» Instructions to follow: Which lines run from the one containing "Homebrew Magnetic Loop" to the end of the material below? Retype exactly those, both ends included, and nothing else.

» Material shown:
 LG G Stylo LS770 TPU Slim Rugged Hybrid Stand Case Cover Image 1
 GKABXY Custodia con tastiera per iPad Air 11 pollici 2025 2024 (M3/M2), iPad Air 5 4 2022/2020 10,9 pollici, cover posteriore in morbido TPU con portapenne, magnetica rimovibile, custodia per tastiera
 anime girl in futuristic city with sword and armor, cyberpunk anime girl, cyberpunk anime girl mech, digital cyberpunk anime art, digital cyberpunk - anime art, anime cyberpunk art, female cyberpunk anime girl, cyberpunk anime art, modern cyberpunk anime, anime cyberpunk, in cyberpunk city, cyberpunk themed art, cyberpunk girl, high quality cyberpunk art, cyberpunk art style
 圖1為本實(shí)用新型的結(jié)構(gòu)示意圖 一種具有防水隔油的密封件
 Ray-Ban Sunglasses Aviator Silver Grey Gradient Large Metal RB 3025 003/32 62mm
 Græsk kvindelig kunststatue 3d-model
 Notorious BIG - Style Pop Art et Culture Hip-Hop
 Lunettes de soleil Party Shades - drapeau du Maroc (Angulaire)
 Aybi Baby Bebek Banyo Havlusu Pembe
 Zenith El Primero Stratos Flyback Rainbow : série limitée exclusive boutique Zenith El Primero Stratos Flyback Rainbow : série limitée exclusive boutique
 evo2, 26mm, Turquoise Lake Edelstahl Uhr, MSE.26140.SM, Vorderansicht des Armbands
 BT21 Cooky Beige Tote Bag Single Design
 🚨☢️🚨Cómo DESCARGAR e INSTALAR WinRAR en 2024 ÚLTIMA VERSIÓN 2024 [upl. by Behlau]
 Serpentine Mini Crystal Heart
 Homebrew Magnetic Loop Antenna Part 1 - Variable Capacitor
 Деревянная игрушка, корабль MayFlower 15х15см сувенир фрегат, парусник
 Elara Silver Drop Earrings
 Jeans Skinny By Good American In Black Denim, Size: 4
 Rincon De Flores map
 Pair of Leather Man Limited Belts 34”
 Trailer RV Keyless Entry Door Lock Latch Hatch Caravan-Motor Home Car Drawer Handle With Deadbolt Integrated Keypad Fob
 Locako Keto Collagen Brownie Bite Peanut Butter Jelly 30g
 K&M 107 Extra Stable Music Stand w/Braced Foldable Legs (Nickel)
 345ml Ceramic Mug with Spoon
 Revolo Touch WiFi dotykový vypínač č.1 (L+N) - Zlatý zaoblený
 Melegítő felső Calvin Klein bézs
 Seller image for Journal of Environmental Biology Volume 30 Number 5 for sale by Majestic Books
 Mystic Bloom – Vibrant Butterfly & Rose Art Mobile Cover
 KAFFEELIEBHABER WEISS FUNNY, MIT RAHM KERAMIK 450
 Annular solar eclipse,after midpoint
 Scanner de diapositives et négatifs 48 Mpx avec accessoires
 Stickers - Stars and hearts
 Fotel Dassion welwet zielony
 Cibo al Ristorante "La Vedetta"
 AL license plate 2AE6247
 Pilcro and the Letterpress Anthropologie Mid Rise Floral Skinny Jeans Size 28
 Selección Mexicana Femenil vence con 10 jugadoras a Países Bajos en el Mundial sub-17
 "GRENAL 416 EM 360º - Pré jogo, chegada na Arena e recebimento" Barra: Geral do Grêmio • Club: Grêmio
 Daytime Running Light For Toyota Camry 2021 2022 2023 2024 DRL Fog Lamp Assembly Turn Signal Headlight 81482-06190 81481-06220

» Result of this task:
 Homebrew Magnetic Loop Antenna Part 1 - Variable Capacitor
 Деревянная игрушка, корабль MayFlower 15х15см сувенир фрегат, парусник
 Elara Silver Drop Earrings
 Jeans Skinny By Good American In Black Denim, Size: 4
 Rincon De Flores map
 Pair of Leather Man Limited Belts 34”
 Trailer RV Keyless Entry Door Lock Latch Hatch Caravan-Motor Home Car Drawer Handle With Deadbolt Integrated Keypad Fob
 Locako Keto Collagen Brownie Bite Peanut Butter Jelly 30g
 K&M 107 Extra Stable Music Stand w/Braced Foldable Legs (Nickel)
 345ml Ceramic Mug with Spoon
 Revolo Touch WiFi dotykový vypínač č.1 (L+N) - Zlatý zaoblený
 Melegítő felső Calvin Klein bézs
 Seller image for Journal of Environmental Biology Volume 30 Number 5 for sale by Majestic Books
 Mystic Bloom – Vibrant Butterfly & Rose Art Mobile Cover
 KAFFEELIEBHABER WEISS FUNNY, MIT RAHM KERAMIK 450
 Annular solar eclipse,after midpoint
 Scanner de diapositives et négatifs 48 Mpx avec accessoires
 Stickers - Stars and hearts
 Fotel Dassion welwet zielony
 Cibo al Ristorante "La Vedetta"
 AL license plate 2AE6247
 Pilcro and the Letterpress Anthropologie Mid Rise Floral Skinny Jeans Size 28
 Selección Mexicana Femenil vence con 10 jugadoras a Países Bajos en el Mundial sub-17
 "GRENAL 416 EM 360º - Pré jogo, chegada na Arena e recebimento" Barra: Geral do Grêmio • Club: Grêmio
 Daytime Running Light For Toyota Camry 2021 2022 2023 2024 DRL Fog Lamp Assembly Turn Signal Headlight 81482-06190 81481-06220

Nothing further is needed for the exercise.